## Task goal
Return nothing but the lines from the one with "Frau mit einer" through the one with "a boy wearing" in the data below, word for word and without pictures.

## Data for processing
********************

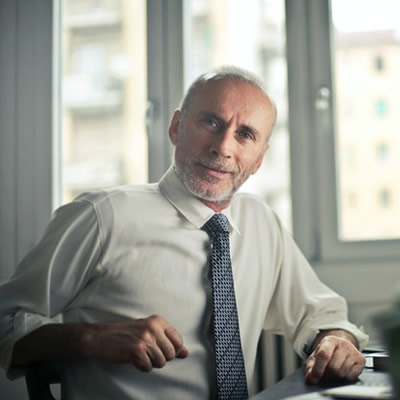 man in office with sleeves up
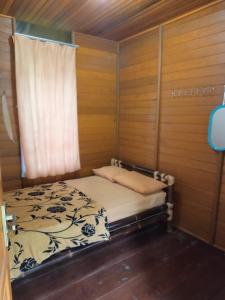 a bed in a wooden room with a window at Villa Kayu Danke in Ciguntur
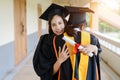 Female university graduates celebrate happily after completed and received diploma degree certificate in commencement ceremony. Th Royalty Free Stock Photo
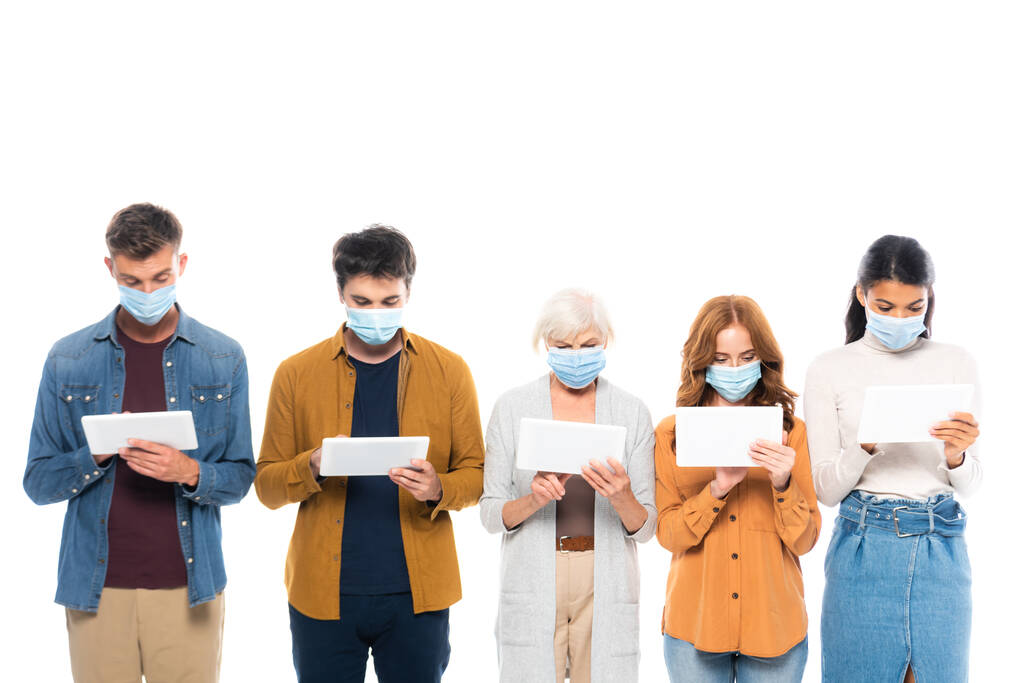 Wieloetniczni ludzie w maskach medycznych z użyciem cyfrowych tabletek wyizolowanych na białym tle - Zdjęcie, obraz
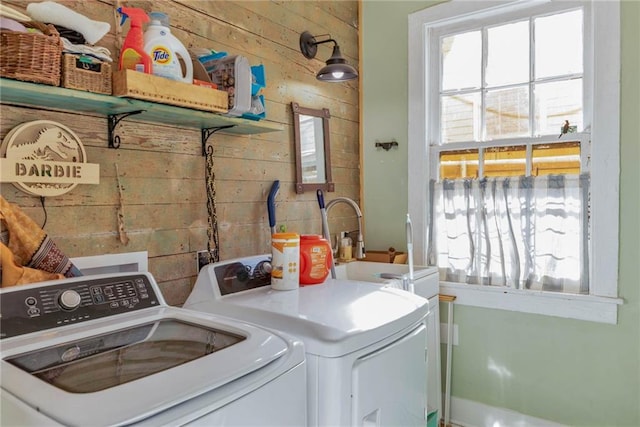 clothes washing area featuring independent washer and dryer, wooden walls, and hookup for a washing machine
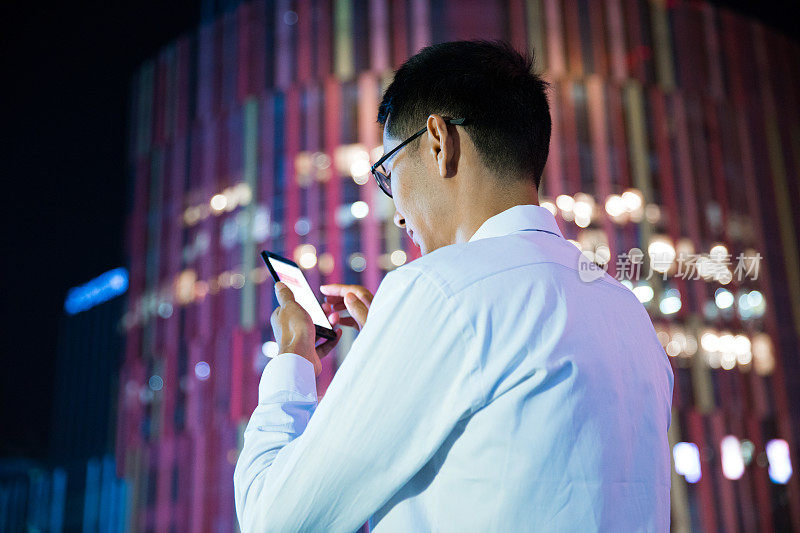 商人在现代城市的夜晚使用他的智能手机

********************

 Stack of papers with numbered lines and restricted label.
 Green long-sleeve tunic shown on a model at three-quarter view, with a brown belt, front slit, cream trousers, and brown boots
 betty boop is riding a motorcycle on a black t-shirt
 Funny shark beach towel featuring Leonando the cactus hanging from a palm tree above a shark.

********************

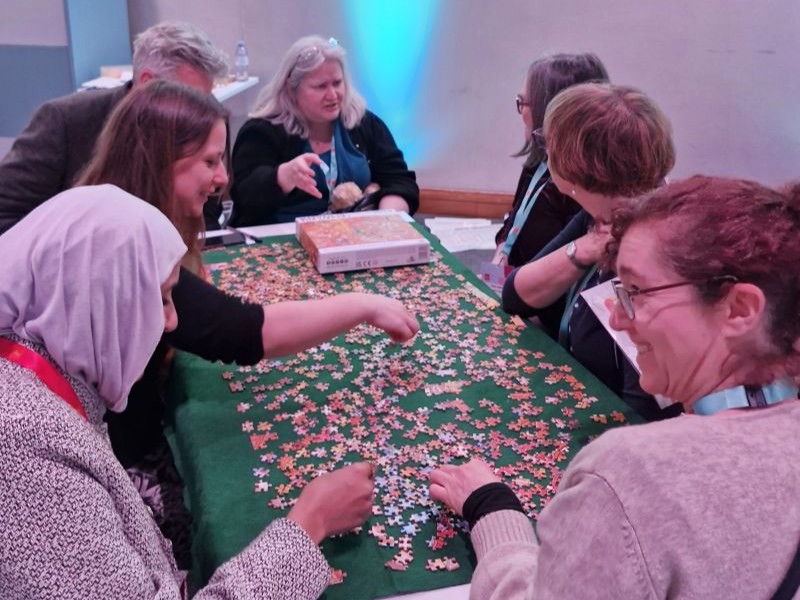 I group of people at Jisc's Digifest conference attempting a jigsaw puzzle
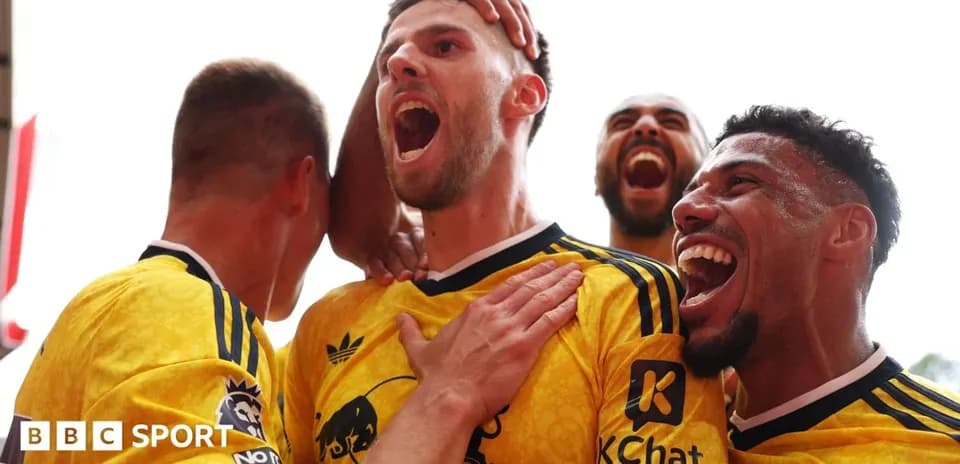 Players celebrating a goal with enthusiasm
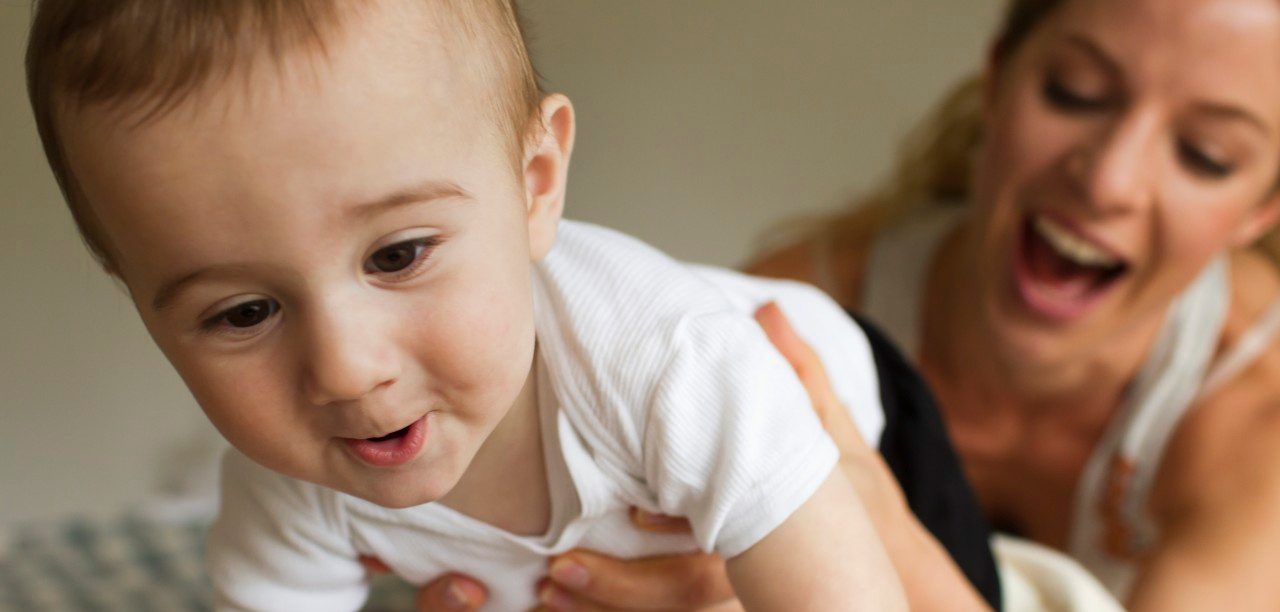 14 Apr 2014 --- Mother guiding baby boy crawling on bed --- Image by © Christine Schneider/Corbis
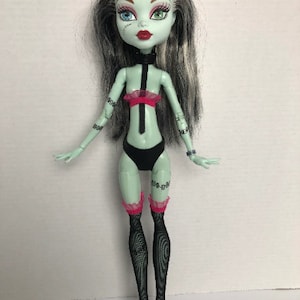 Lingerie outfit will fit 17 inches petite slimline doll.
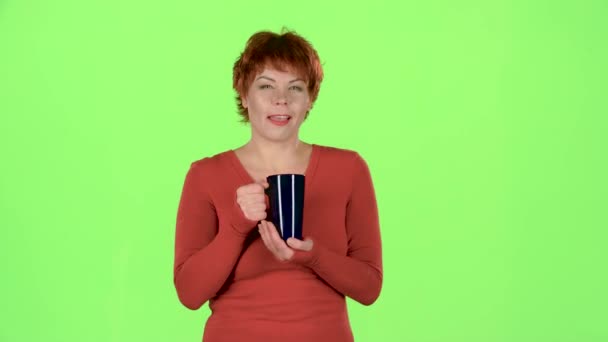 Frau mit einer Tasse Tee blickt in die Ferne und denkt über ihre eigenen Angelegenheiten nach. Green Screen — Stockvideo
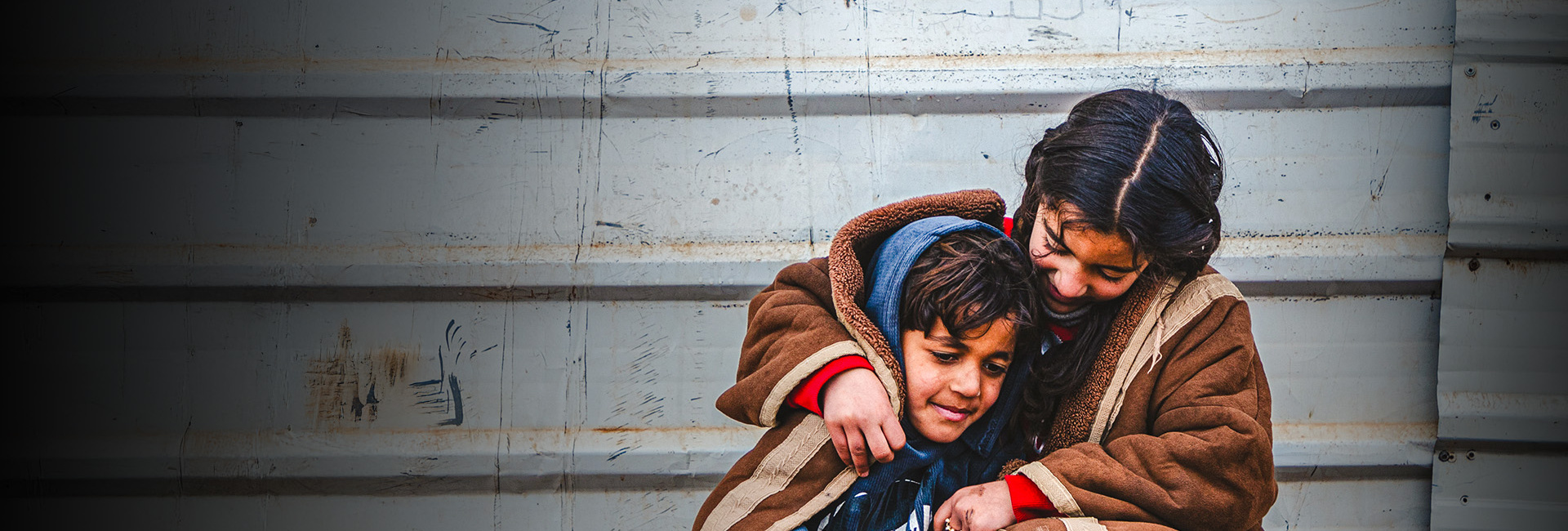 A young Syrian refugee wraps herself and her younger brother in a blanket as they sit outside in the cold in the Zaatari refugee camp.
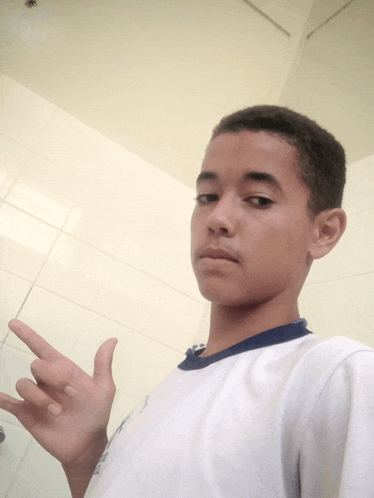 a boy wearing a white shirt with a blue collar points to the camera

********************

## Solution
 Frau mit einer Tasse Tee blickt in die Ferne und denkt über ihre eigenen Angelegenheiten nach. Green Screen — Stockvideo
 A young Syrian refugee wraps herself and her younger brother in a blanket as they sit outside in the cold in the Zaatari refugee camp.
 a boy wearing a white shirt with a blue collar points to the camera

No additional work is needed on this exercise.